2 県として、最低賃金引き上げのための中小企業支援策を講じること。

【1(1)ア、イ、ウ、(4)及び2は、意見書を発議し、関係機関に要望することとして採択】
【1(1)エ、(2)及び(3)は不採択】

内容

(請願趣旨)
 今や日本の労働者の35%が非正規、22.9%が年収200万円のワーキング・プアとなっている。平成22年度の民間労働者の平均賃金は412万円で、平成9年より55万円も減少している。家計は厳しく、モノは売れず、生産は縮小し、それが雇用破壊と企業の経営危機を招いている。収入が不安定なために結婚できず、子どもを産み育てられない人もふえている。低賃金の蔓延を放置し続ければ、社会の基盤が崩壊しかねない事態となっている。
 東日本大震災からの復興も大きな課題である。
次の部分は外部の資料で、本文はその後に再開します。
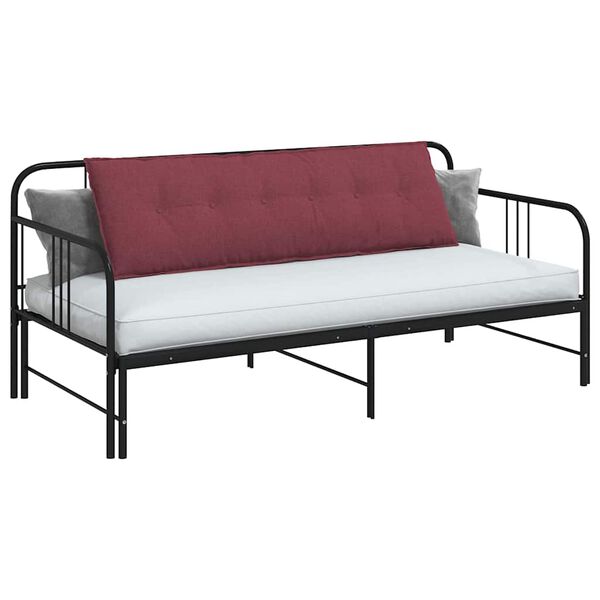 vidaXL Coussin de Dos Bordeaux 160 x 19 x 50 cm tissu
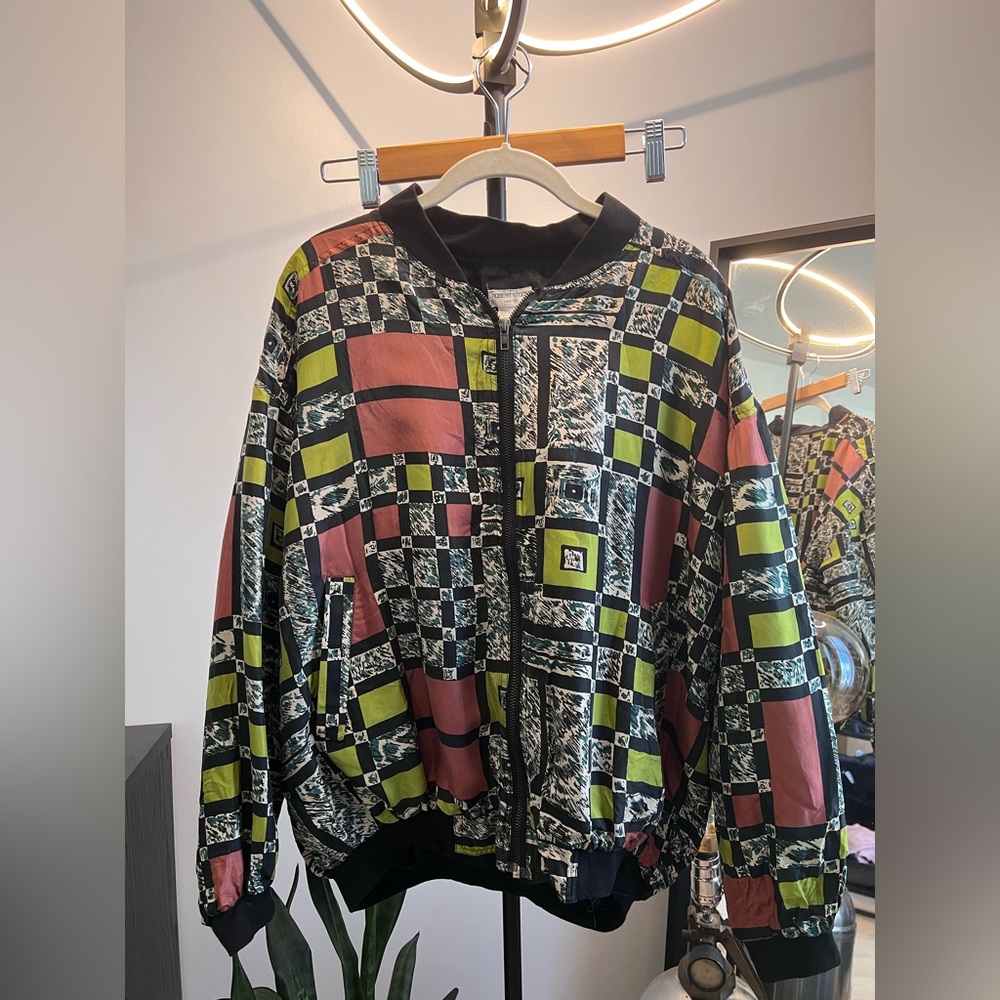 Thrifted Silk Bomber (Only one available)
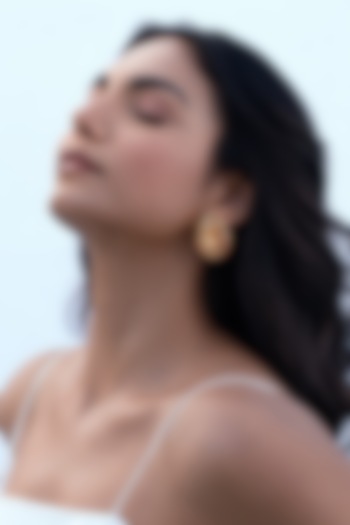 Gold Plated Brass Stud Earrings by AMAMA at Pernia's Pop Up Shop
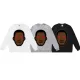 BAPE/A/Bathing Ape x KID CUD Cartoon Character Print Pullover Sweater Unisex Casual Loose Sweatshirt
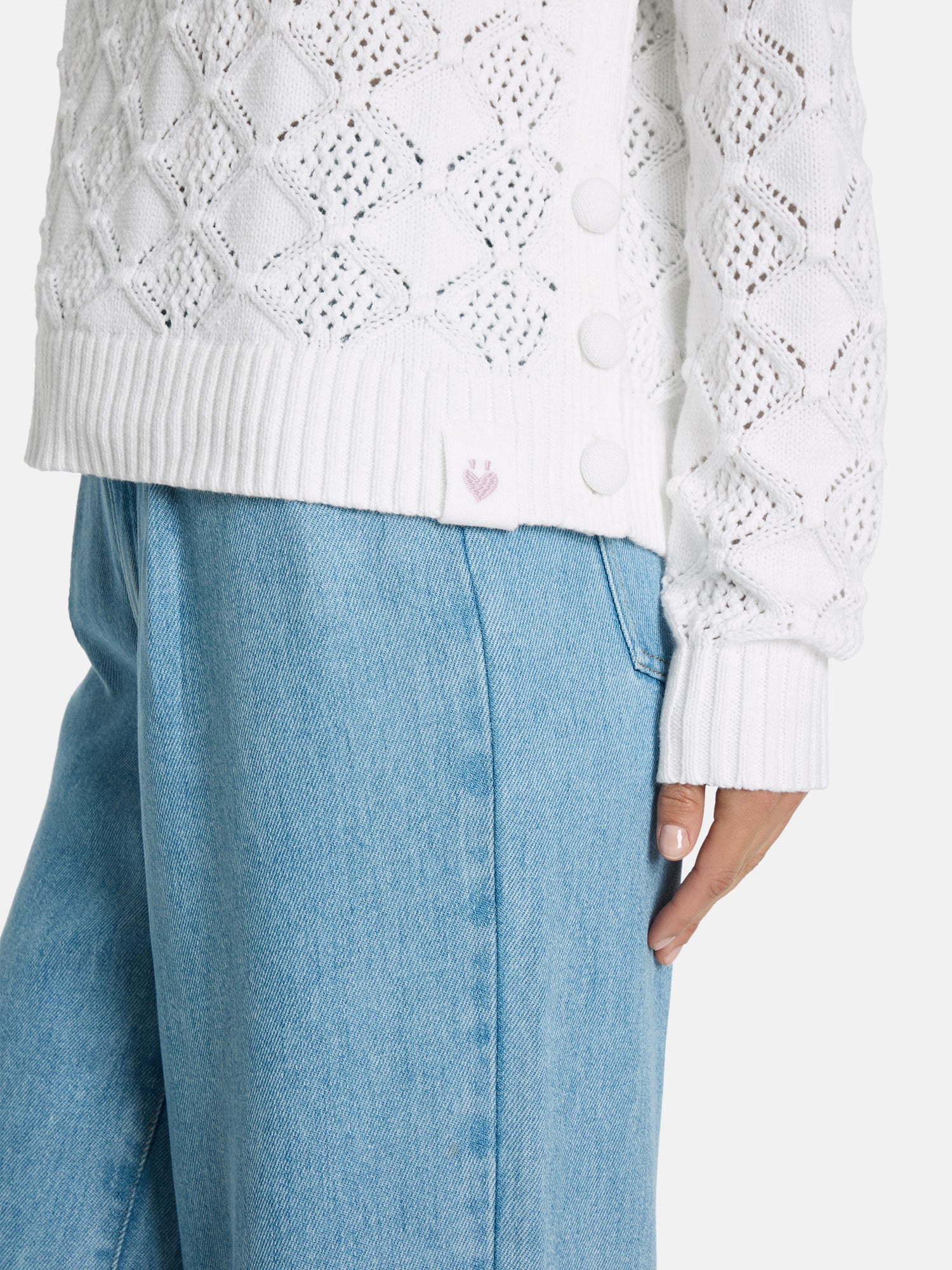 Pullover "ColineL" aus Baumwollmix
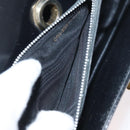 GUCCI Hand Bag Leather Black Gold Auth ep13892-11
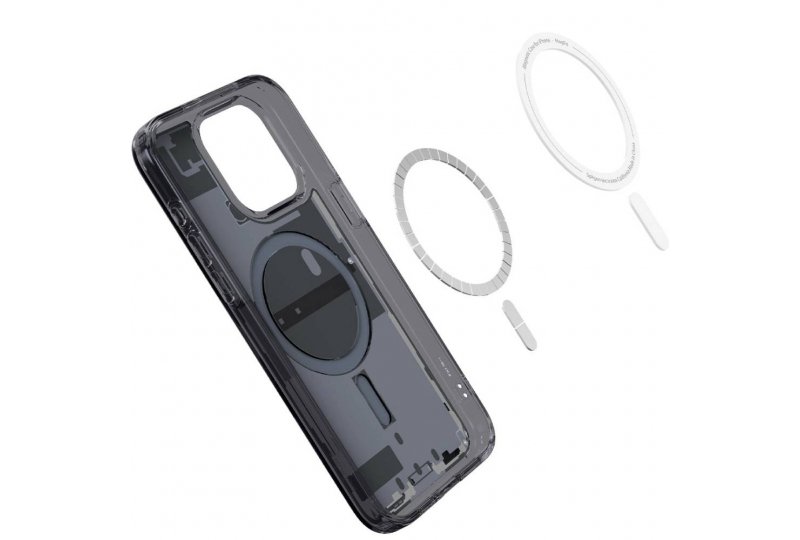 Чехол-накладка Spigen Ultra Hybrid Zero One (MagFit) для iPhone 15 Pro Max, поликарбонат, прозрачный/разноцветный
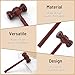 TAHULIK Wooden Courtroom Gavel, 6.7 Inch Small Handmade Judge Gavel, Brown Gavel for Meetings, Auction Club Presidents Courtroom Simulations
国と自治体をあげての取組みが行われているが、まともに暮らせる賃金、専門性に見合った賃金が保障された雇用機会がなければ、人々の生活再建も地域の復興も進まない。
 最低賃金法第9条では、労働者の生計費を考慮するに当たっては、労働者が健康で文化的な最低限度の生活を営むことができるよう、生活保護に係る施策との整合性に配慮するものとするとされている。ところが今の最低賃金は、東京で837円、岩手、高知、沖縄では645円である。フルタイムで働いても月10〜14万円では、まともな暮らしはできず、大幅な引き上げが必要である。この問題意識は使用者団体にも共有され、平成22年には政労使間で、できる限り早期に全国最低800円を確保し、景気状況に配慮しつつ、2020年までに全国平均1,000円を目指すという雇用戦略対話合意が成立している。最低賃金1,000円は、中小企業には困難との意見もあるが、欧州の先進諸国の最低賃金は購買力平価で月額約20万円、時間額1,000円以上が普通である。高い水準の最低賃金で、地域経済と中小企業を支える経済を成り立たせている。
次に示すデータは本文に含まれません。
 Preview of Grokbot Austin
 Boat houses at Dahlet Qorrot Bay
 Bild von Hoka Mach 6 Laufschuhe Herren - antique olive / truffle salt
 日本でも、中小企業への経営支援を拡充しながら、最低賃金を引き上げることが必要である。暮らせる水準の最低賃金を軸として、生活保護基準、年金、業者・農民の自家労賃、下請単価、家内工賃、税金の課税最低限等を改善していけば、誰もが安心して暮らせる社会をつくることができる。
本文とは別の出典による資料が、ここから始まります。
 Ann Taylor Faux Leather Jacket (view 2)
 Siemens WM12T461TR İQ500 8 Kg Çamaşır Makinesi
 ついては、平成24年度の最低賃金改定にあたり、下記の要請事項について請願する。

(請願事項)
1 下記の事項を実現するために政府及び関係機関に意見書を提出すること。
 (1) 最低賃金について、以下のように改善すること。
 ア 平成24年度の最低賃金の改定に当たっては、雇用戦略対話における最低賃金の引き上げに関する合意を踏まえ、早期に時間額1,000円以上とすべく尽力すること。
 イ 生活保護との整合性をはかる際には実情を反映した算定を行うこと。
 ウ 地域別最低賃金の地域ランクを減らす(Dランクをなくす)などして、地域間格差を縮小させること。
 (4) 雇用戦略対話における最低賃金の引き上げに関する合意の実現に向けて、最低賃金を引き上げるための中小企業支援策を抜本的に拡充すること。
2 県として、最低賃金引き上げのための中小企業支援策を講じること。